There are other problems. A bankruptcy judge's power to reset
interest rates and strip down principal to the value of the
property sets up a dynamic that will fail to help many needy
homeowners, and also reward bankruptcy abuse.
Consider that the pending legislation requires the judge to set the
interest rate at the prime rate plus "a reasonable premium for
risk." Question: What is a reasonable risk premium for an already
risky subprime borrower who has filed for bankruptcy and is getting
the equivalent of a new loan with nothing down?
In a competitive market, such a mortgage would likely fetch a
double-digit interest rate -- comparable to the rate they already
have. Thus, the bankruptcy plan would offer either no relief at all
to a subprime borrower, or the bankruptcy judge would set the
interest rate at a submarket rate, apparently violating the premise
of the statute and piling further harm on the lender.
More worrisome is the opportunity for abuse. [snip]

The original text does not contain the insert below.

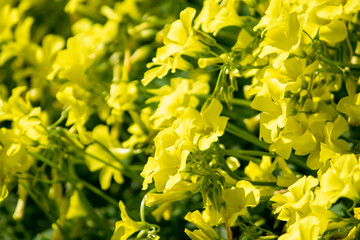 オオキバナカタバミの黄色い花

If Congress wants to deal with the rising number of foreclosures,
it should not create a new mess by converting the mortgage crisis
into a bankruptcy crisis. Doing so will open the door to a host of
unintended consequences that will further freeze credit markets,
raise interest rates for new home buyers, and spread the mortgage
contagion to other types of consumer credit. Congress needs to
reject this plan and look for better solutions.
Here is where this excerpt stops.